Discovering and Using Meta-Terms (Microsoft Live Labs)
Sponsored by Microsoft Live Labs' Accelerating Search in Academic Research Initiative, project researchers will use Microsoft query logs and another Web-based colleciton to develop techniques to discover meta-terms in queries and then mine related words from the Web in an effort to test various approaches to query reformulation or transformation.

Flexible Acquisition and Understanding System for Text (FAUST)
This DARPA project is developing an automated machine reading system that makes the information in natural language texts accessible to formal reading systems. UMass Amherst is part of the SRI International team that also consists of Columbia, Stanford, University of Illinois, University of Washington, University of Wisconsin, and Wake Forest University.

Machine Learning for Sequences and Structured Data: Tools for Non-Experts
In this NSF-funded ITR collaborative research project between UMass Amherst, UPenn, and CMU, the team is researching ways to dramatically improve the ability of people who are not experts in machine learning to design and automatically train models for analyzing and transforming sequences and other structured data such as text, signals, handwriting, and biological sequences.

The CIIR is embarking on a five-year DARPA project under the Global Autonomous Language Exploitation (GALE) program. The goal of GALE is make foreign language (Arabic and Chinese) speech and text accessible to English monolingual people, particularly in military settings. The Nightingale research team includes UMass Amherst, Columbia University, International Computer Science Institute (ICSI), IDIAP Research Institute, HNC/Fair Isaac Corporation, New York University, National Research Council (NRC) Canada, Purdue University, RWTH Aachen University, University of California San Diego, University of Washington, Systran Software, and SRI International. The UMass Amherst team focuses on highly accurate retrieval, dynamic topic models, social network discovery, and statistical machine translation.

NSF Digital Government Project
This research project, A Language-Modeling Approach to Metadata for Cross-Database Linkage and Search, is a National Science Foundation sponsored initiative. The CIIR is working in collaboration with Carnegie Mellon University, the Library of Congress, Department of Commerce, U.S. Geological Survey, and R.I.S.C. on this project.

NSF Learning Word Relationships Using TupleFlow
This NSF-funded Cluster Exploratory (CluE) project explores how to use semantic relationships between words and how they can be used to express the same content in order to improve the effectiveness of the ranking. We will find those relationships using the Google/IBM cluster and a new distributed computational framework that was developed at UMass Amherst. The TupleFlow system was developed for the type of indexing and analysis operations that are required for the study of word relationships on a large scale. TupleFlow is an extension of MapReduce, with advantages in terms of flexibility, scalability, disk abstraction, and low abstraction penalties.

NSF IDM Mongrel Project
"Supporting Effective Access through User- and Topic-Based Language Models" is a research project in collaboration with Rutgers University and sponsored by the NSF IDM program.

NSF NSDL - Search and Browsing Support for NSDL
On an NSF National Science, Mathematics, Engineering, and Technology Education Digital Libary (NSDL) project, the CIIR worked with a team of institutions that are developing the technical capabilities and executing the organizational responsibilities of the core integration of the NSDL Program.

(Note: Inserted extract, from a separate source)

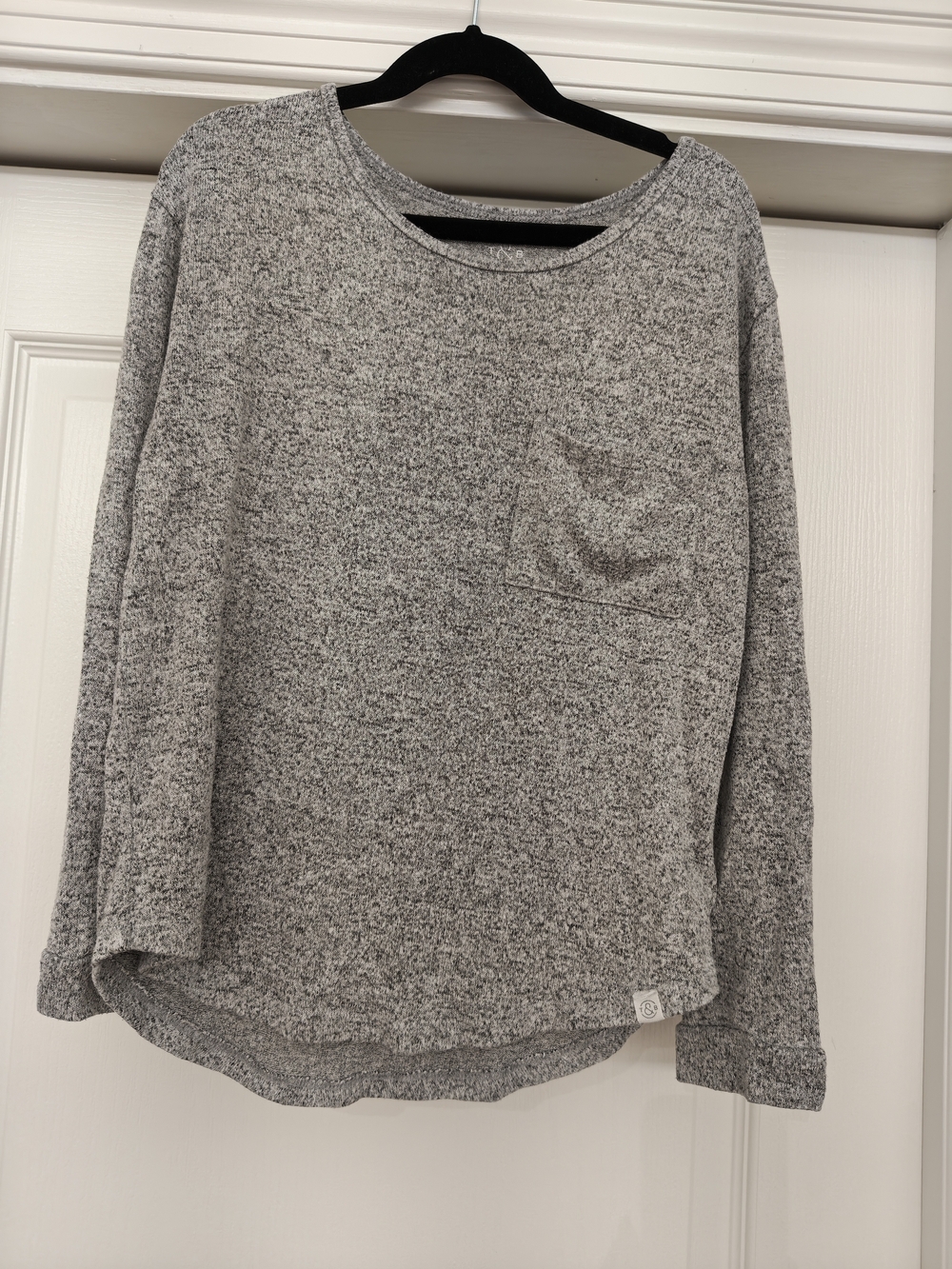 Treasure & Bond Heather Gray Long Sleeve Pocket Tee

NSF NSDL - Question Triage for Experts and Documents: Expanding the Information Retrieval Function of the NSDL
On an NSF National Science, Mathematics, Engineering, and Technology Education Digital Libary (NSDL) project, the CIIR is partnering with the Information Institute of Syracuse (IIS) and the Wondir Foundation to enhance the NSDL by merging the information retrieval (IR) and digital reference components. By combining these functions, users can find answers to their questions regardless if those answers come from documents in NSDL collections or experts accessible through the NSDL's virtual reference desk.

NSF - Searching Archives of Community Knowledge
In this NSF-funded project, we are studying the task of finding good answers in Collaborative Question Answering archives by investigating techniques for question retrieval and comparing them to alternatives such as direct answer retrieval. The techniques that we are developing to search the CQA archives also have the potential to have a significant impact on all types of search engines. The large CQA archives can be used as training data for models of text transformation. In other words, by developing models that learn how to recognize questions using these resources, we will also be learning how concepts or topics can be expressed in different ways. These transformation models could then be used to significantly improve the robustness of the topic models used in search engines, which will in turn substantially improve the effectiveness of the system.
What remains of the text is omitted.